● WHAT THIS TASK INVOLVES: From the records below, transcribe exactly the lines that begin at the line with "Green Cross With" and end at the line with "Схема запчастей Hyundai", both included.

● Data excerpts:
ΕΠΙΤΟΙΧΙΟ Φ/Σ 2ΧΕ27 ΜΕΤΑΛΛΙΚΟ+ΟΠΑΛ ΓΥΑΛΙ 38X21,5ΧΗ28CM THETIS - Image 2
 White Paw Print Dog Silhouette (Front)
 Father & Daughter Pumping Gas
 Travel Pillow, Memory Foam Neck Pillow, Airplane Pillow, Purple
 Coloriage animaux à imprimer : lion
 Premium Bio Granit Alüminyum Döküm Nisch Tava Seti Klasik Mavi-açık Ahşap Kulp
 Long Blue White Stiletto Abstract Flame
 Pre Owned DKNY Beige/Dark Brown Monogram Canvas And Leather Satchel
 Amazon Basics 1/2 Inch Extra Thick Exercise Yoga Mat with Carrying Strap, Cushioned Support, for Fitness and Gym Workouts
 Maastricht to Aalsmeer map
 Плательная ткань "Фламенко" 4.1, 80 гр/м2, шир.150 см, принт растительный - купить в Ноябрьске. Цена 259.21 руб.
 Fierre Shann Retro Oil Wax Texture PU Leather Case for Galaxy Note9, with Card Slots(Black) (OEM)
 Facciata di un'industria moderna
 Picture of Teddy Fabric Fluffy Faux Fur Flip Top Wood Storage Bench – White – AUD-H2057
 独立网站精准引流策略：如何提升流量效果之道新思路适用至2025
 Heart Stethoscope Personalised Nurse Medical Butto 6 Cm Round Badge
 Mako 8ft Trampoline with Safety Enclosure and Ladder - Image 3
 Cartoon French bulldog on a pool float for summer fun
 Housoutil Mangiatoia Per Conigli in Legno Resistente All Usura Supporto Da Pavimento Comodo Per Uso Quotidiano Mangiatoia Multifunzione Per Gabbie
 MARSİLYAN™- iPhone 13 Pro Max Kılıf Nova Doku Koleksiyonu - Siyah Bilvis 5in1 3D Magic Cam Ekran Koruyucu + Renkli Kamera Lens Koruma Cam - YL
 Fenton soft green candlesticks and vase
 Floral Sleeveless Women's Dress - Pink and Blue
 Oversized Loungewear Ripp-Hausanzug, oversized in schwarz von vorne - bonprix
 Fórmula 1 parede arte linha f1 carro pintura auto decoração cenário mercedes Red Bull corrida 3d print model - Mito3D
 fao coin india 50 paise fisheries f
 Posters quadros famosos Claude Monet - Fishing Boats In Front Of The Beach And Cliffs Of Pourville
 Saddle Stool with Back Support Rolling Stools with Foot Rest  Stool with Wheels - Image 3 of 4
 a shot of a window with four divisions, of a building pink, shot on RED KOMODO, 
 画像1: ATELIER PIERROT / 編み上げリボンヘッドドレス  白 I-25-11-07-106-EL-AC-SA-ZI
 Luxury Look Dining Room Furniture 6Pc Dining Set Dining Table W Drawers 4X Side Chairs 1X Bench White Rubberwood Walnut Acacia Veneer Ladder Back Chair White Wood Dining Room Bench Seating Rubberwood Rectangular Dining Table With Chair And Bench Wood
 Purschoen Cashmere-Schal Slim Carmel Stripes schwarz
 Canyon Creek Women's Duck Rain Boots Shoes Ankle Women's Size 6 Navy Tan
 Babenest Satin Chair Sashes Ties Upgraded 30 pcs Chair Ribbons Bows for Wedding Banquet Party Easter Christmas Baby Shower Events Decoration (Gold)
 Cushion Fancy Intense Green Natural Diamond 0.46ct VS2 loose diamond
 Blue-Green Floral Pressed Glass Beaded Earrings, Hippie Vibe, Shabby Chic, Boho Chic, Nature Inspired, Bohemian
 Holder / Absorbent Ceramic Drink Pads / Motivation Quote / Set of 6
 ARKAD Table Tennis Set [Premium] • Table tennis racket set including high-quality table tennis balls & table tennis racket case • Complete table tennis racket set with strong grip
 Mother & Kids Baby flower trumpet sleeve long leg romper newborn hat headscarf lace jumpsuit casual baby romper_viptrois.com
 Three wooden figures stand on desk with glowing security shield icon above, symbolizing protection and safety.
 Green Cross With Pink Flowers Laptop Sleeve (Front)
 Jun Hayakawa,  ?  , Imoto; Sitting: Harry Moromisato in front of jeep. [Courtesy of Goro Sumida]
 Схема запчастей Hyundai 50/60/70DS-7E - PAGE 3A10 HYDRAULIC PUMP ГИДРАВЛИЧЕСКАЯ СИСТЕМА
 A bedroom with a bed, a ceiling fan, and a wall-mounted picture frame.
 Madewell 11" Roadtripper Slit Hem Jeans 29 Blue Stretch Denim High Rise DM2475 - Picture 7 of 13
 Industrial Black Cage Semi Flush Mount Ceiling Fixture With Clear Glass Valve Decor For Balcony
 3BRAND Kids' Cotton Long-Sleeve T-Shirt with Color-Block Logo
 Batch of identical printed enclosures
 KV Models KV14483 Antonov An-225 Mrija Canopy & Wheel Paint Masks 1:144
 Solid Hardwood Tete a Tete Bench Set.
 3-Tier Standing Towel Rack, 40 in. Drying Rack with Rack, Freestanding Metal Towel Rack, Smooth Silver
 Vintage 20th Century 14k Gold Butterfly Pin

● REPLY TO THE TASK:
 Green Cross With Pink Flowers Laptop Sleeve (Front)
 Jun Hayakawa,  ?  , Imoto; Sitting: Harry Moromisato in front of jeep. [Courtesy of Goro Sumida]
 Схема запчастей Hyundai 50/60/70DS-7E - PAGE 3A10 HYDRAULIC PUMP ГИДРАВЛИЧЕСКАЯ СИСТЕМА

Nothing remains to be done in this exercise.